Откуда берется мораль? Быть может, какие-то моральные истины возникают, потому что самоочевидны для некоторых людей чуть ли не от рождения, по совпадению каких-то случайных жизненных обстоятельств? А закрепиться такая истина могла бы, способствуя выживанию еще доисторических племен, в которых родились такие стихийные моралисты.

— Вы говорите о моральных изобретениях и об их исторически-естественном отборе. Изобретение любой принципиально новой идеи — научной, художественной, моральной — делает отдельная личность, опираясь на всё, что знает, на воображение и логику и на загадочную "интуицию". Для других — с другими интуициями — новая идея вначале выглядит "искусственной" и не убедительной. Даже в физике, где царствует логика и опыт. Например, изобретательную идею "уже великого" Эйнштейна о геометризации тяготения не принял никто из физиков, пока он не воплотил ее в цельную теорию. Тем более, если говорить о принципиально новой моральной идее, которая противоречит привычному — "естественному" — укладу жизни. Стоит подчеркнуть, что естественны, т. е. природны, только животные инстинкты человека, а вся культура искусственна, поскольку изобретается людьми. Изобрести успешную идею гораздо труднее, чем новый материальный инструмент жизни. Новый инструмент можно оценить сразу, как только увидишь его действие в обычной материальной жизни. А путь от идеи до ее реализации-материализации бывает очень тернист и извилист.

<…>

— Главное, что новый общественный уклад резко увеличил возможности новаторов во всех сферах жизни, возможности активно изобретательному человеку найти применение своим способностям, реализоваться. Как показывает история, именно этот творческий человеческий ресурс, а не полезные ископаемые — главный источник благосостояния страны.

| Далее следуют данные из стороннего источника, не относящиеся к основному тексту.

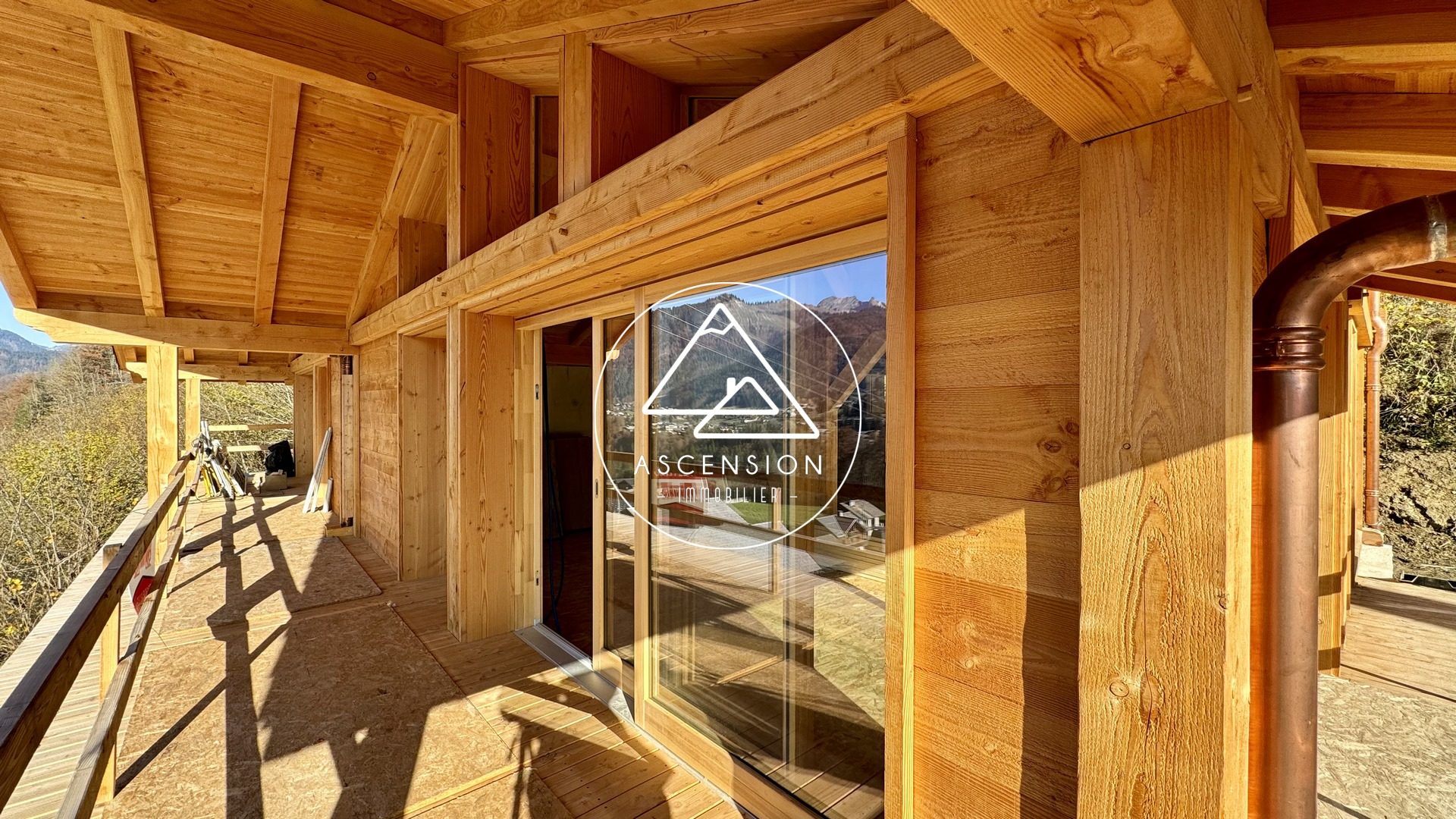 Superbe chalet neuf de 5 chambres avec vue panoramique sur Morzine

Кризисные проблемы в нынешнем состоянии человечества требуют для своего решения новых изобретательных подходов. Спасение человечества, утопающего в проблемах, — дело рук (точнее — голов) свободно и смело мыслящих изобретателей. И просветителей, объясняющих обществу суть проблем и предлагаемых решений. При этом опыт истории науки с ее социально-культурной географией и личностной психологией — убедительный инструмент просвещения.

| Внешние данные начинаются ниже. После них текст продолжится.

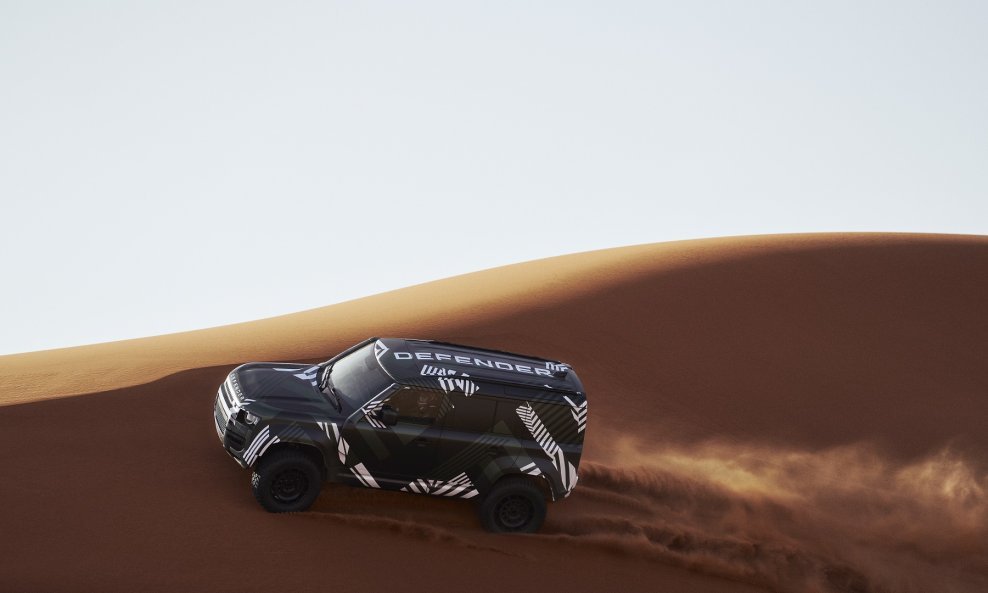 Defender Dakar D7X-R završio prva testiranja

Просвещать, однако, невозможно сразу всё человечество, слишком оно культурно и исторически разнообразно. Премия "Просветитель" действует лишь в русскоязычной части человечества. И в этой части ныне одно из самых тревожных явлений — растущий рейтинг "великого кормчего страны социализма", "борца, мыслителя, ученого, мудрого учителя и вождя героической партии большевиков, советского народа и всего прогрессивного человечества", "неиссякаемого источника творческого вдохновения". Титулы эти, взятые из приветствия Академии наук Сталину в 1949 году, сейчас, впрочем, не в ходу. В ходу скромная пара сапог генералиссимуса. А смертельный страх академиков и людей попроще преобразился в 70-процентное народное одобрение, а то и восхищенное уважение. Чтобы понять нынешних восхищенных, полезно почитать книги по этологии, вошедшие в списки "Просветителя": "Непослушное дитя биосферы" Виктора Дольника, "Стой, кто ведет? Биология поведения человека и других зверей" Дмитрия Жукова, "Эволюция человека" Александра Маркова.

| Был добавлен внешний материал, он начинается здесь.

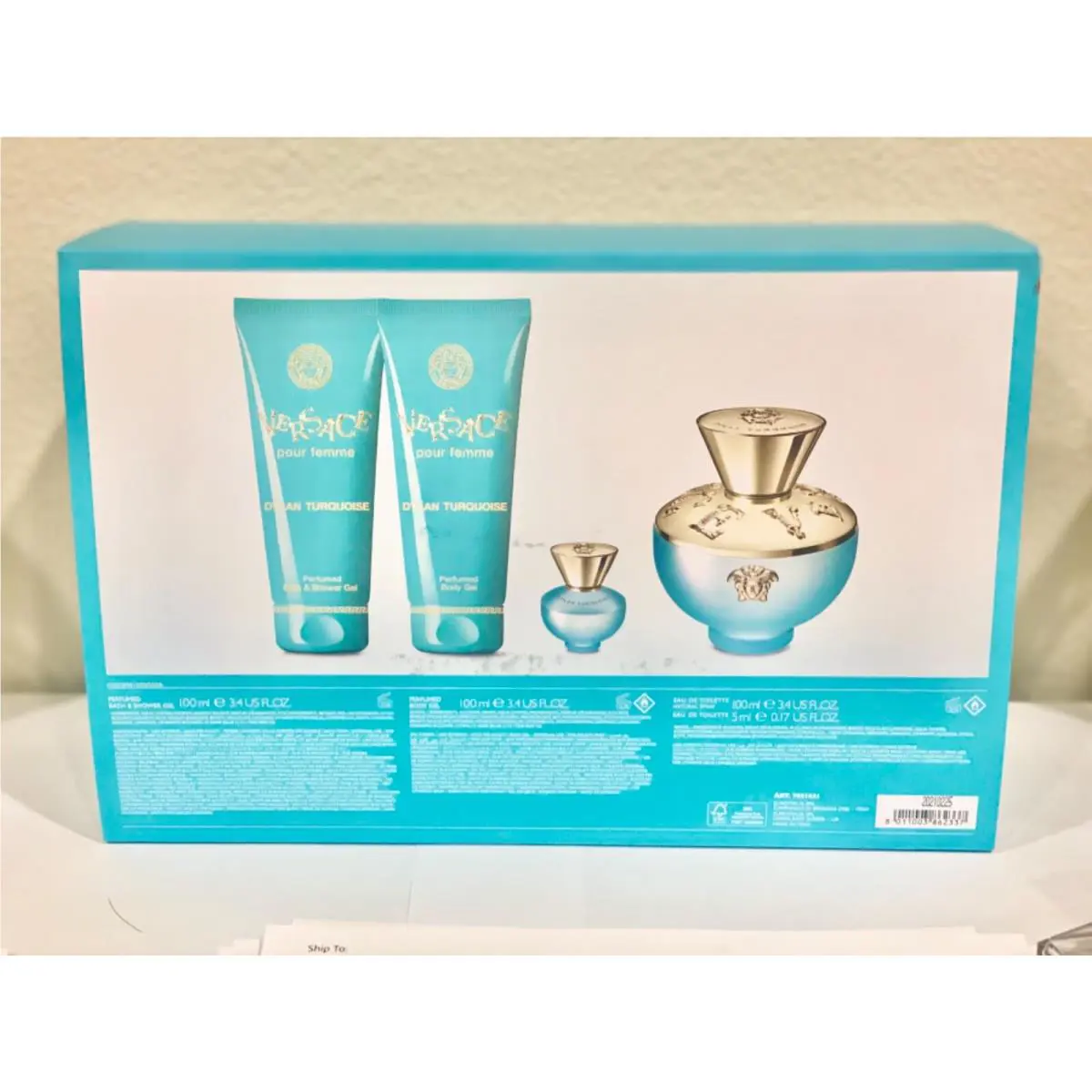 Versace Pour Femme Dylan Turquoise 4PC Gift Set 3.4OZ Edt Spray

Перескажу некоторые мысли из этих книг, проясняющих феномен любви к вождям-тиранам. С минимальной отсебятиной.

Два фактора определяют поведение человека: врожденные инстинкты и культура. Культура — это всё то, что заложено в человеке не отцом с матерью в момент зачатия, а воспитанием. Изучение поведения человека и ближайших к нему видов показывает, что им свойственно образовывать мужские (самцовые) иерархии. Они образуются спонтанно, на основе врожденных инстинктов. Так же образуются подростковые иерархии, иерархии в тюрьмах, иерархии авторитарных режимов.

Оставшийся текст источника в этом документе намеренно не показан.